- Required action
Your task is to restate word for word the lines in the material below, from the one with "Açık alanların arasında" up to and including the one with "male and female". Do not carry over the pictures.

- The data
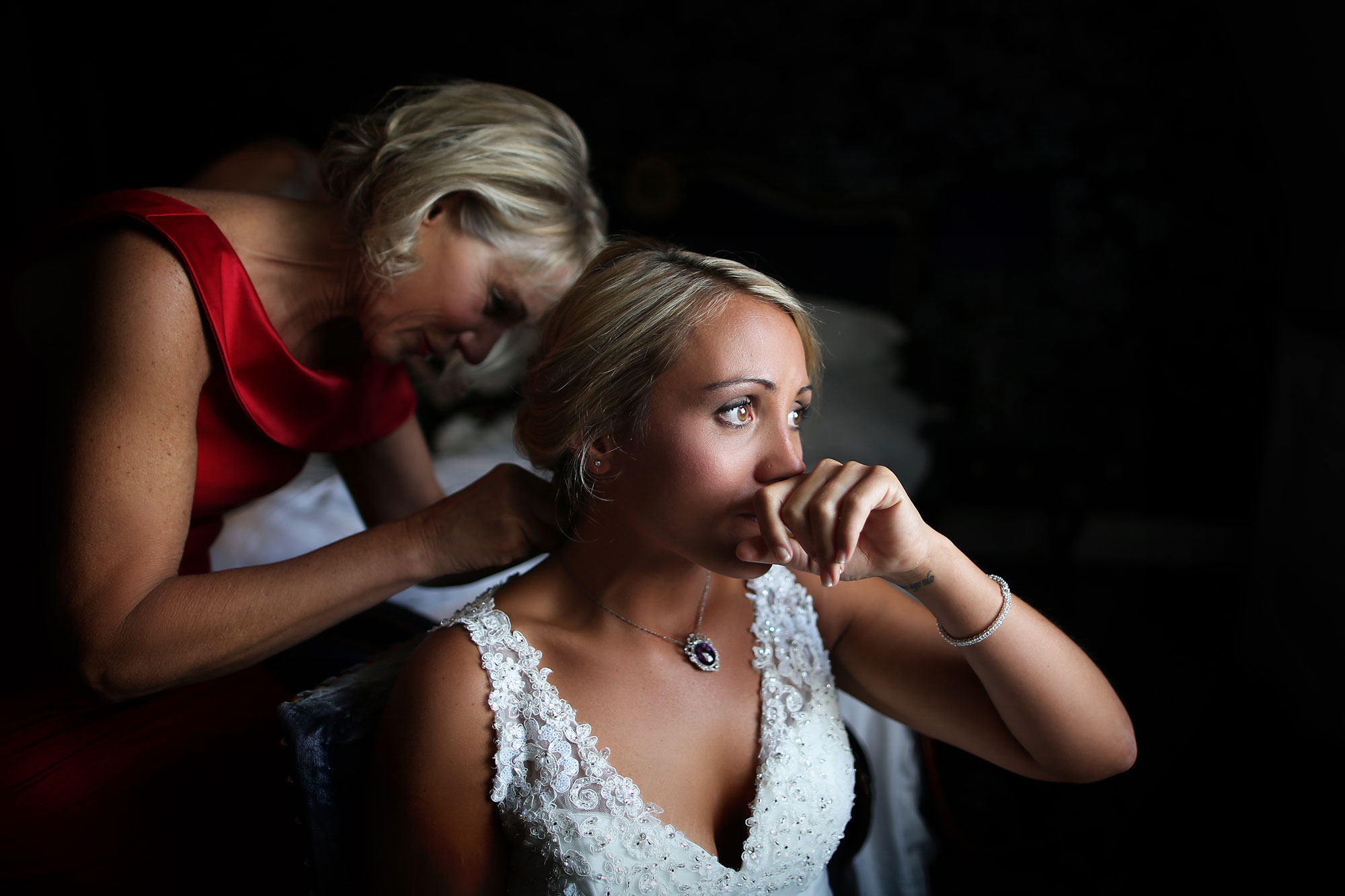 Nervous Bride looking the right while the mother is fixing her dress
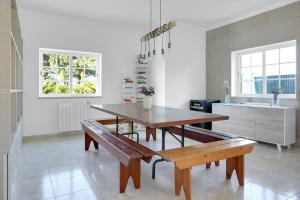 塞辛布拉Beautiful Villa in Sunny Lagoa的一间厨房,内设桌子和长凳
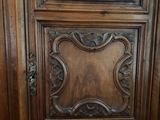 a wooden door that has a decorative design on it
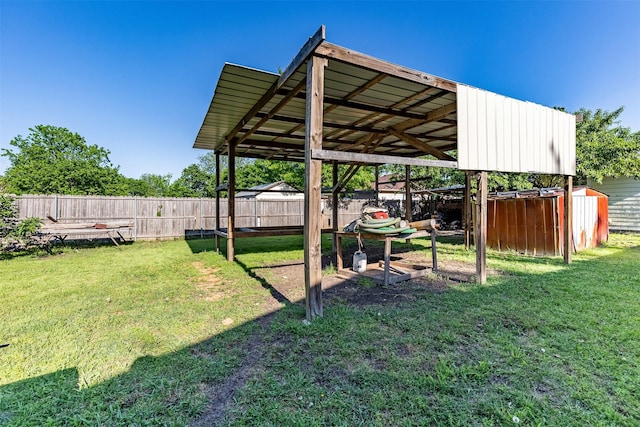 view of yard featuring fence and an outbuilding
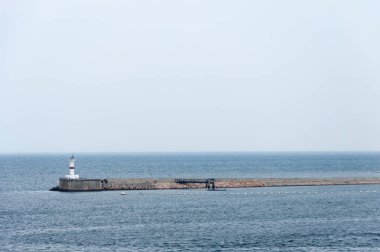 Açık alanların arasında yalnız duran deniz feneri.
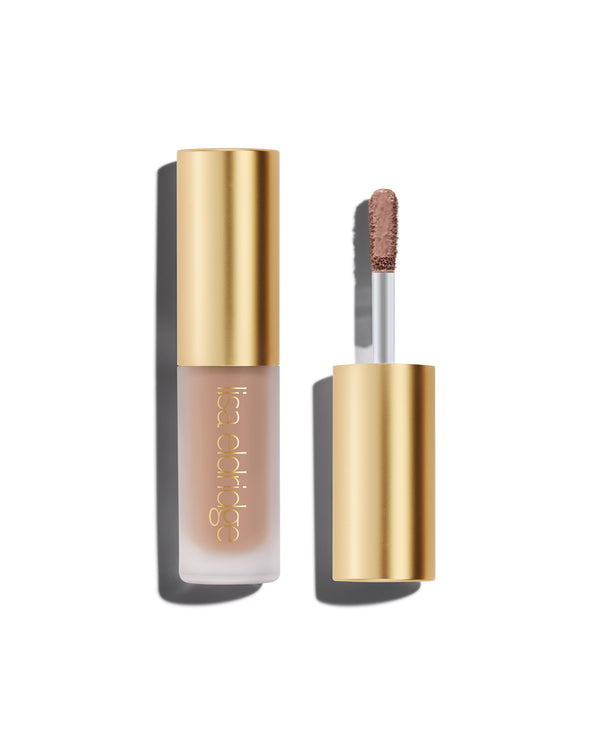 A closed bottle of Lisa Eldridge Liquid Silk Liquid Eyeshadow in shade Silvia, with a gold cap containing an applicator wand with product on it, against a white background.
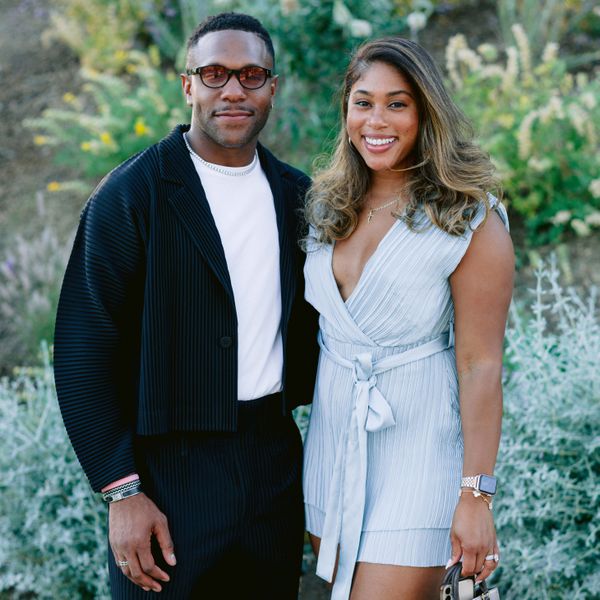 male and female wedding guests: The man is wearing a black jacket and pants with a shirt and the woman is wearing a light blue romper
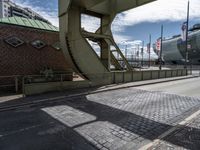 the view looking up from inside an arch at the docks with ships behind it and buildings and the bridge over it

- Written answer
 Açık alanların arasında yalnız duran deniz feneri.
 A closed bottle of Lisa Eldridge Liquid Silk Liquid Eyeshadow in shade Silvia, with a gold cap containing an applicator wand with product on it, against a white background.
 male and female wedding guests: The man is wearing a black jacket and pants with a shirt and the woman is wearing a light blue romper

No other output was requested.